Tuning: freshest vs evergreen

Two knobs reshape the whole result: the recency half-life and the max-age gate — shrink them for "what dropped this month," widen them for "the best of the past year." Presets I use:

  • Freshest (last-month pulse): half-life 30d, max-age 120d. Recency dominates; you get this quarter's conversation.
  • Balanced (default): half-life 60d, max-age 270d. The mix above.
  • Evergreen-leaning: half-life 120d, max-age 540d, and bump popularity's weight. Surfaces durable references that still get watched.

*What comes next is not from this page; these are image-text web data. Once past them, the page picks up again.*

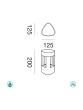 Κολωνάκι Εξ. Χώρου IP54 200x125mm 1XGX53 220-240V AC Ανθρακί Μεταλλικό Gea Luce Janet GES493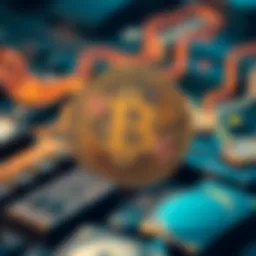 A visual representation of cryptocurrency converter technology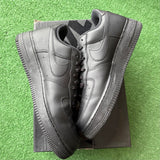 Nike Supreme Black Air Force 1s Size 10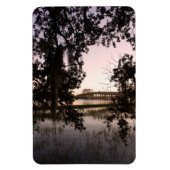 Magnet Flexible Coucher du soleil sur Woods Memorial Bridge Beaufo (Vertical)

The weights themselves are tunable too — push velocity up when you're hunting breakouts, engagement up when you care about community resonance over reach.

CH.06

Diversity: cap per channel

Without a guard, one prolific channel floods the top — so cap how many videos any single channel can contribute (default 3) before taking the top-K. A topic's "best recent" should be a survey of the field, not one creator's upload schedule. The cap is applied after scoring, walking the ranked list and skipping a channel once it's hit its quota.

CH.07

How to run it

The method is a small, provider-agnostic ranker with three stages: a metadata provider returns candidates (views, date, engagement); a scorer applies the gates then the weighted blend; a final pass does the per-channel diversity cap and returns the top-K. Every parameter above is a tunable knob (half-life, max-age, view floor, the four weights), so the same documented mechanism serves every topic sweep — point it at a query, get back a ranked, recency-aware shortlist, then fetch transcripts only for the winners. The whole point: separate finding the few videos worth your time from the expensive step of actually pulling and reading them.